Our founding forefathers courageously fought for our freedom of religion. The First Amendment to the United States Constitution prohibits the making of any law, that among other things, impedes the free exercise of religion. 

Whether you are for or against same-sex marriage, many Americans think, “Live and let live.”  But from a legal standpoint, the U.S. Supreme Court is not being asked to create a world where we live and let live without interference with each other. It’s actually quite the opposite. 

The Supreme Court is being asked to create a civil right for all Americans (me, you, and your neighbors too) to enter into a same-sex marriage if we choose to do so and to recognize that such a choice will forever be protected by the U.S. Constitution; and such a constitutional right shall not be violated. 

But you can’t stop there. You must think through the implications of such a constitutional right. All civil rights must be upheld and protected at ALL costs. In fact, to speak against such a right, is legally deemed hate speech. 

Wikipedia: “In law, hate speech is any speech, gesture or conduct, writing, or display which is forbidden because it may incite… prejudicial action against or by a PROTECTED individual or group, or because it disparages or intimidates a PROTECTED individual or group.”

Think about what makes up hate speech today. One example is the horrific hateful propaganda of a white supremisct or a distasteful joke about the disabled; disgusting and hateful thoughts and activities directed towards individuals or groups PROTECTED by the constitution. 

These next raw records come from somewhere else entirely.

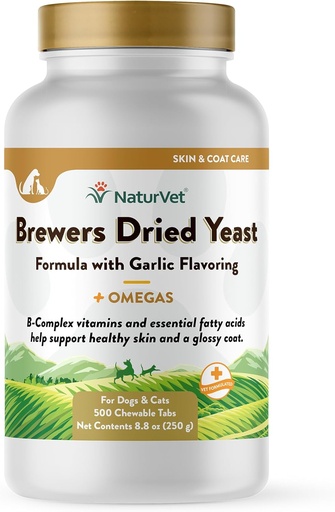 [BRSWIYQ5AAEBEDDI] NaturVet Brewer’s Dried Yeast Pet Supplement with Garlic Flavoring – Includes B-Complex Vitamins, Omega-3, 6, & 9 Fatty Acids – Helps Support Glossy Coat, Healthy Skin for Dogs, Cats 500 Ct.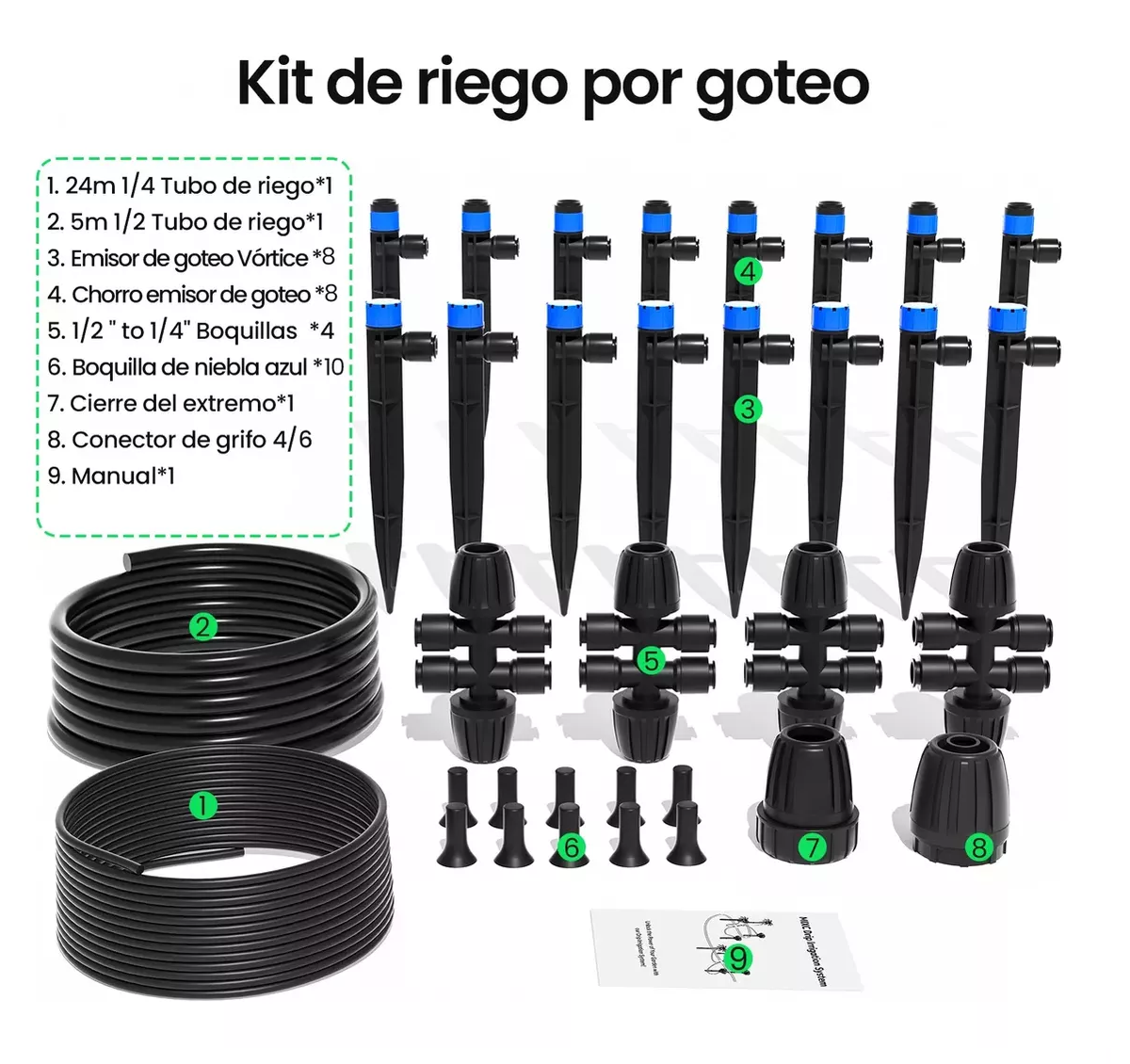 Foto 5 | Sistema De Riego Automático Por Goteo Con Conector Rápido Negro/azul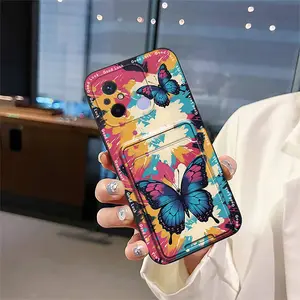 Silicone Cute Phone Case For Redmi 12C/Redmi 11A 4G/Xiaomi POCO C55 Anti-dust Card slot Cover Fashion Design Waterproof Card bag Graffiti Full wrap Anti-knock Soft case protective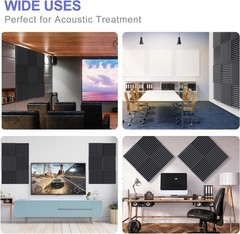 12 Pack Self-Adhesive Acoustic Panels 12″ X 12″ X 1″ Soundproof Wall Panel Black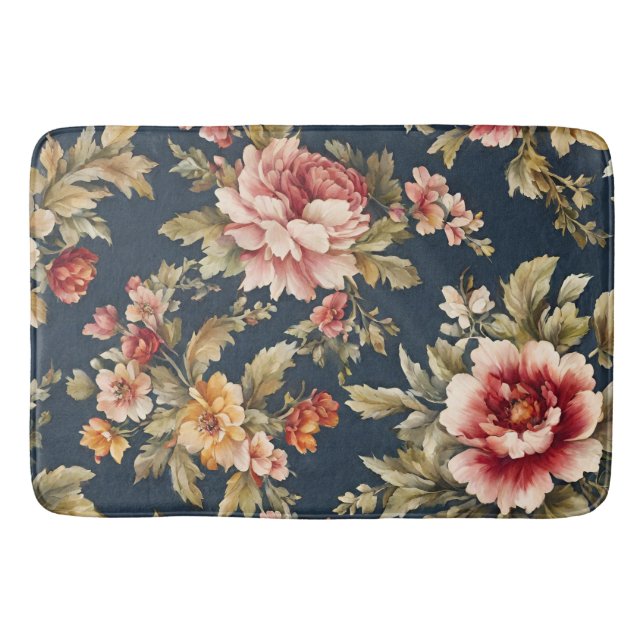 Tapete De Banheiro Belo Padrão Floral Italiano (Frente)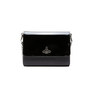 The front view of a Vivienne Westwood Patent Leather Crossbody Bag in black.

So here is the crux of my concern. If same-sex marriage is deemed a constitutional right, then ANY religion or written religious authority (like a bible), that promotes marriage between a man and a woman or that identifies same-sex marriage as a sin condemned by their God, will be deemed to promote hate speech. Religions, books and persons whose God deems marriage to be between a man and woman will be in the same bucket as a vocal white supremisct.

In fact, if you promote such ideals in your home with your children, you will be encouraging hateful sentiments contrary to a civil right. Telling your child that marriage should be between a man and a woman will be no different than teaching them to draw a swaticka and hate Jewish people. 

Or what about children adopted by same-sex married couples who experience confusion in their circumstances and want to express this as they age?  Such expressions will be discouraged and identified as hateful, therefore they will suppress their own personal experience out of fear for how they will be viewed. 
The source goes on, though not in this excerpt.